(Beginning of AVAILABLE RECORDS)

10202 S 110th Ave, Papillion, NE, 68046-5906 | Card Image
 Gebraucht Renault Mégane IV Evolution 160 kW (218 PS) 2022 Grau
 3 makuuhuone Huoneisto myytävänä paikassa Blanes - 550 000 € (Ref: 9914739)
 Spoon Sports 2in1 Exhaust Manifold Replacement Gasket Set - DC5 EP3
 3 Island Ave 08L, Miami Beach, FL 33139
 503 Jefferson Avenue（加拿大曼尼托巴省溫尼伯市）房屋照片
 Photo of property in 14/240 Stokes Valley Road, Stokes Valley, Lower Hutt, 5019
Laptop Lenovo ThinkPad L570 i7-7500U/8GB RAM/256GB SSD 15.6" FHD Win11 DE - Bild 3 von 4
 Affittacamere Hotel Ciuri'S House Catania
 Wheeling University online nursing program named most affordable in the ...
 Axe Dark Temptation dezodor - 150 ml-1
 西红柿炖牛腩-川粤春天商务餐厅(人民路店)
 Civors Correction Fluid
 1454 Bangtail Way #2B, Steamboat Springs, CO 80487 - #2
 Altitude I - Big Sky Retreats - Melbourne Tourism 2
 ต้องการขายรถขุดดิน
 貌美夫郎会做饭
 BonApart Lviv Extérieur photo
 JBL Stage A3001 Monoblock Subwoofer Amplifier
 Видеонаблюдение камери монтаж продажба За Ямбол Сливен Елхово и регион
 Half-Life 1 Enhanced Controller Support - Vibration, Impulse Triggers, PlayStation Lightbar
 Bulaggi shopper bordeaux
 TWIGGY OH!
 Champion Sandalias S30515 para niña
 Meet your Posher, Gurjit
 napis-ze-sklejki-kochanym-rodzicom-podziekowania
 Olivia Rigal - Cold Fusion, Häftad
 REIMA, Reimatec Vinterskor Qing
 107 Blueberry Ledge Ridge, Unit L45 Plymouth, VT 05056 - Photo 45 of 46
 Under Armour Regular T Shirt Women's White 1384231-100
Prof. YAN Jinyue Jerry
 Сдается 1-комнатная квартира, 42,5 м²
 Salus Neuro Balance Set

(End of AVAILABLE RECORDS)

=== TASK STATEMENT ===
Quote, without any change, each line from the one that contains "REIMA, Reimatec Vinterskor Qing" through the end of the material.

=== TASK SOLUTION ===
 REIMA, Reimatec Vinterskor Qing
 107 Blueberry Ledge Ridge, Unit L45 Plymouth, VT 05056 - Photo 45 of 46
 Under Armour Regular T Shirt Women's White 1384231-100
Prof. YAN Jinyue Jerry
 Сдается 1-комнатная квартира, 42,5 м²
 Salus Neuro Balance Set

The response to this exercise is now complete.